With two semesters left before graduating from the University of Utah, and while serving as an elders quorum president in his campus ward, young Ronald A. Rasband was given an offer from a high councilor in his stake — Jon M. Huntsman Sr. The very next week, Huntsman needed him to be the new account manager for a major customer in Troy, Ohio.

Elder Rasband, now a member of the Quorum of the Twelve Apostles, recounted this life-changing opportunity during a devotional with over 1,500 students at the Institute of Religion near the Weber State University campus in Ogden, Utah, on Sunday, Oct. 23.

Overnight, this son of a truck driver with admittedly not-so-stellar grades had a decision to make: finish his degree in marketing and business, or drop out of school and take this job offer. After consulting with friends and loved ones, Elder Rasband and his wife, Sister Melanie Rasband, prayed for direction. “My dear wife, Melanie, was inspired with our answer. …

“She said, ‘Ron, isn’t this what people go to college for, to find an opportunity like this one?’”

He realized that his future was not about school, but about providing for his family based on a foundation of integrity.

The decision to accept this offer set the course of his entire life, eventually leading to Elder Rasband becoming president of Huntsman’s global corporation. Huntsman offered him the position, “but I had to make more of it than a job,” Elder Rasband said. “I had to make of myself a man of integrity. I realized then and now that my personal integrity is what has defined me in my marriage, business, relationships and Church service.”

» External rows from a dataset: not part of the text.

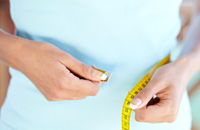 Woman measuring her waist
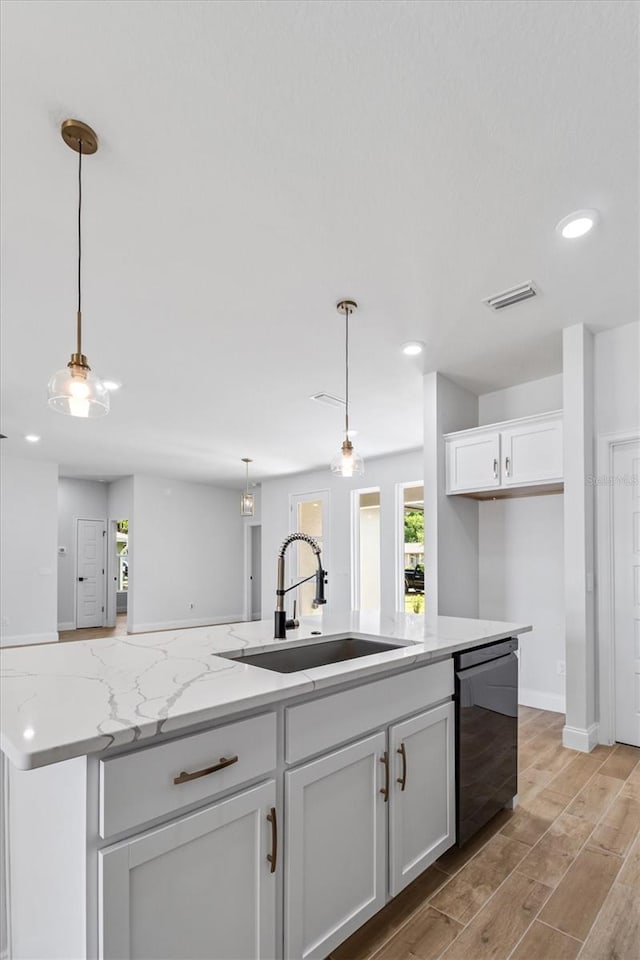 kitchen with white cabinets, visible vents, light wood finished floors, dishwasher, and a sink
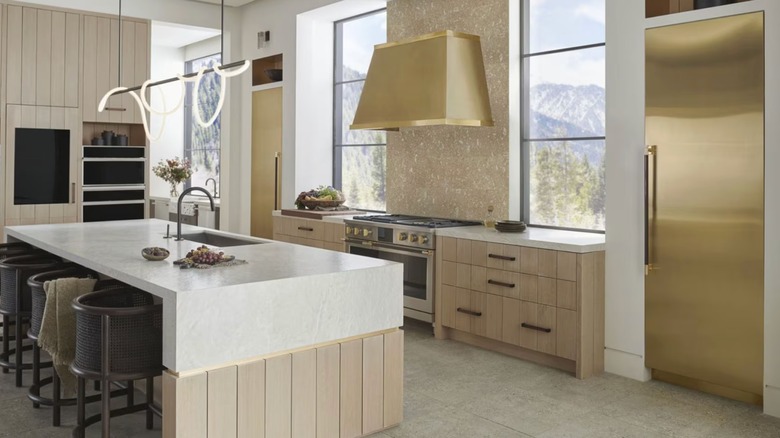 Una cocina moderna con refrigeradores y campana extractora Monogram de latón pulido y una estufa/horno Monogram de acero inoxidable con detalles en latón.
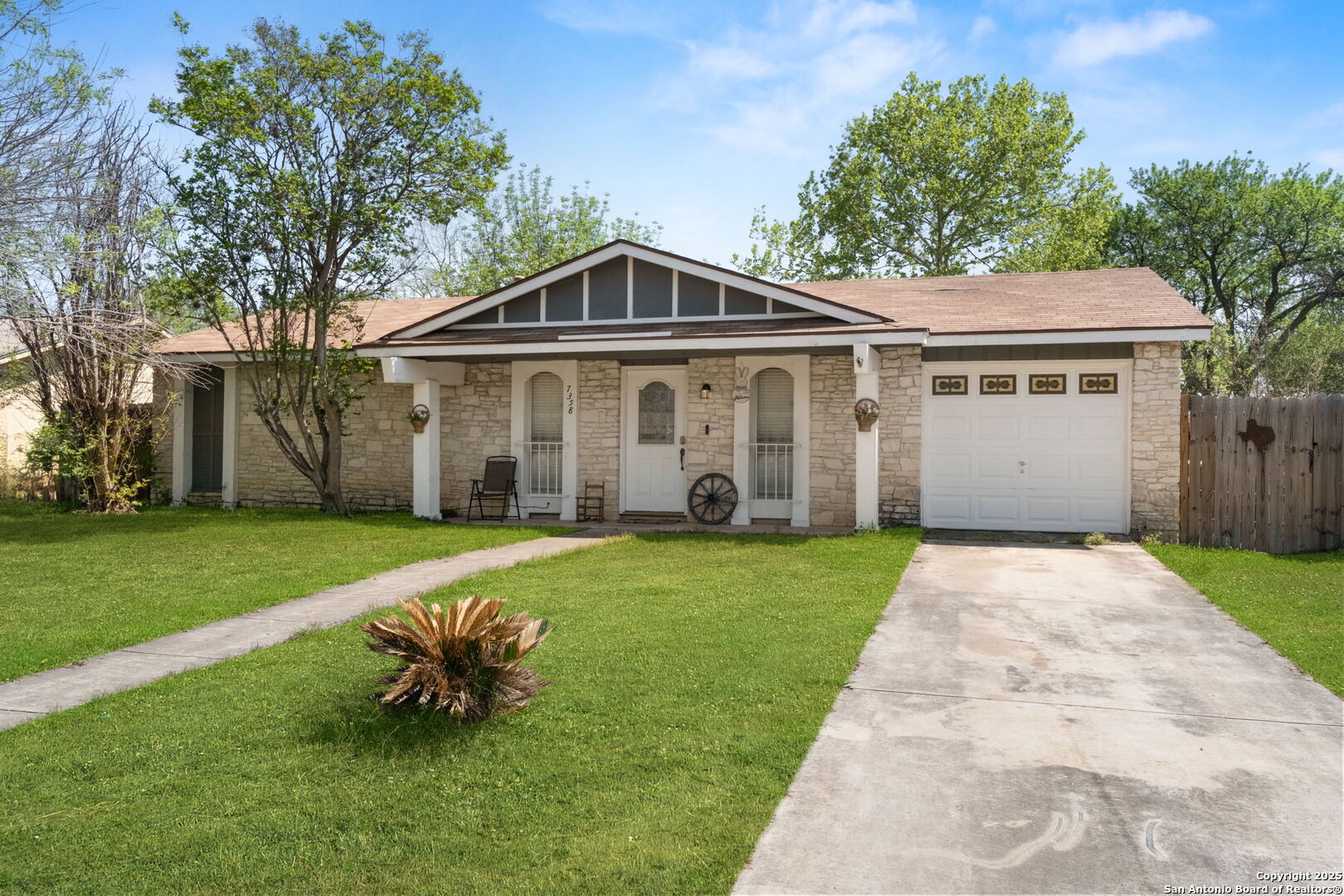 Single-story stone-front house with an attached garage, covered entry, and broad concrete driveway.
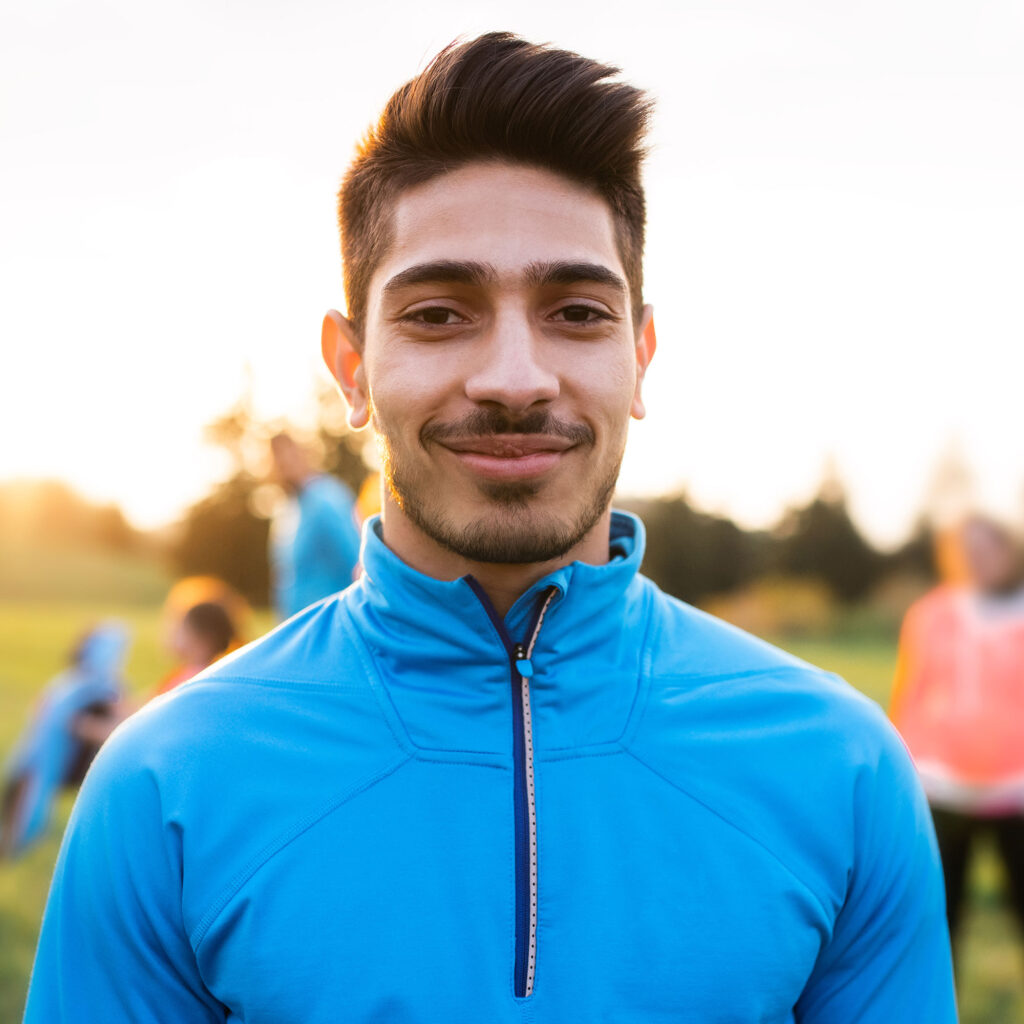 a-portrait-of-young-man-with-large-group-of-people-P5PB6Y9.jpg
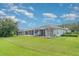 Expansive backyard featuring a screened lanai, lush lawn, and mature trees, ideal for relaxation and entertainment at 5814 Heronpark Pl, Lithia, FL 33547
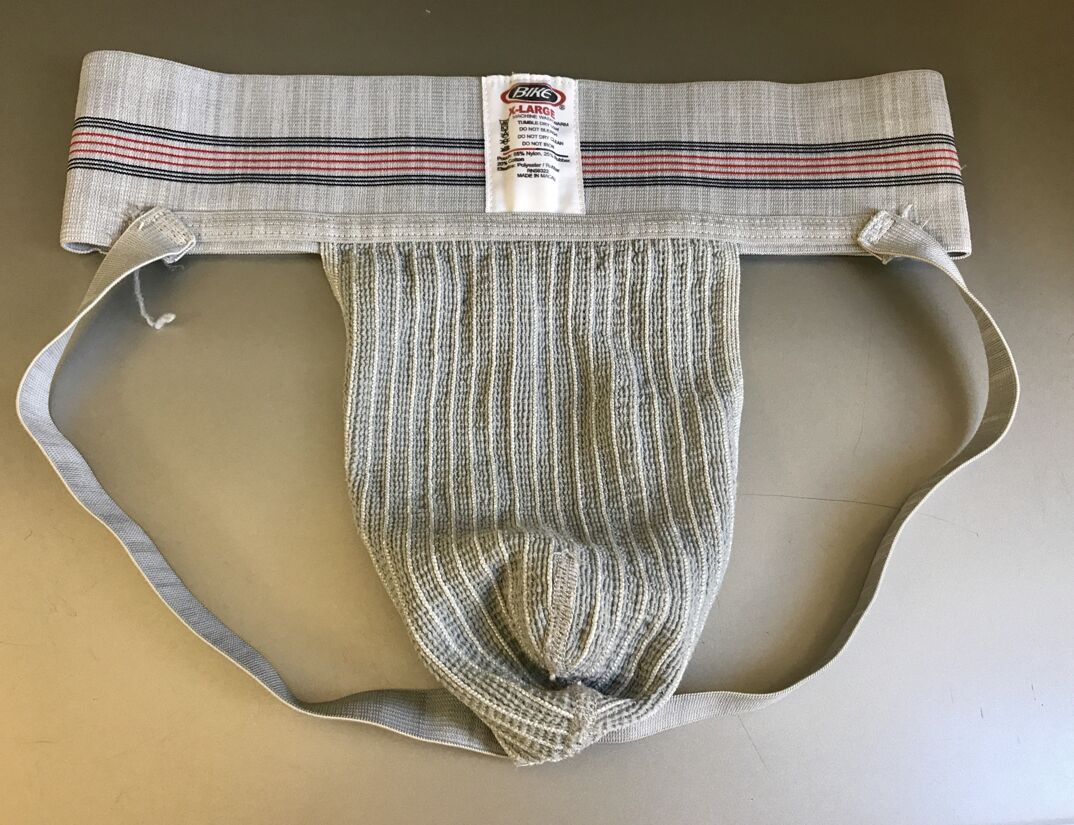 A gray jockstrap lays on a off white table. A tag on the jockstrap reads "X-Large" and the brand "BIKE." There's a red and blue line across the waist.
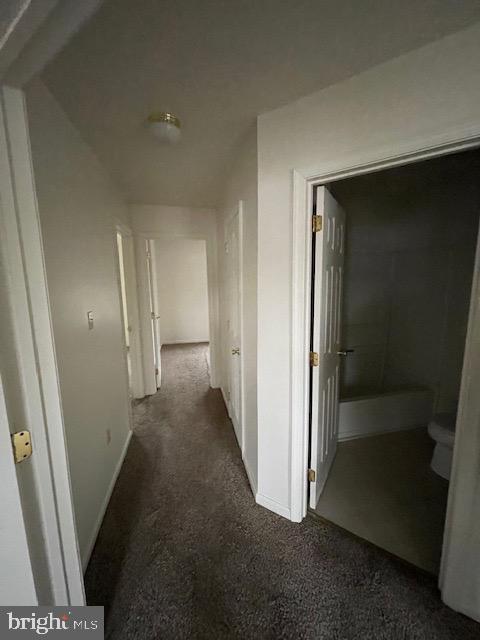 hall with dark colored carpet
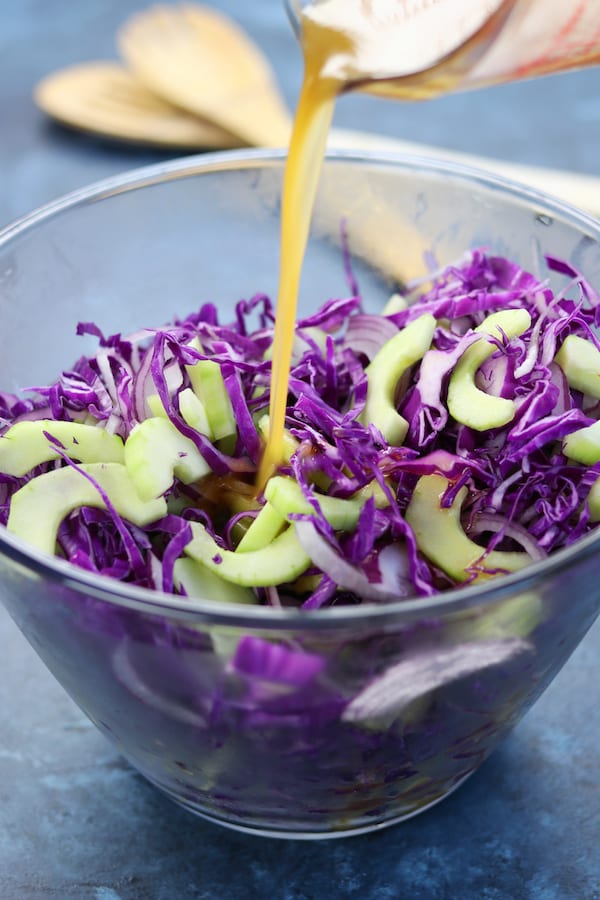 This Simple Asian Slaw recipe is a crispy and refreshing companion to many asian dishes. Comes together in minutes, disappears almost as fast and is a fun way to eat your veggies.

He soon learned to be an effective and fair businessman, and lived by the standard, “Be moral, ethical and honest.”

The students in attendance that night are at a similar point in their life, gaining an education before beginning their careers. “Many of you will be asked in the years ahead to bend the rules, to grease the wheels, to look the other way, to compromise,” Elder Rasband told them. “Some may even assume that is the way things are done in education, business, government or, heaven forbid, your own home.

“Don’t you believe it,” he said, punctuating each word. “Your integrity will be on the line, and the price will never be worth it.”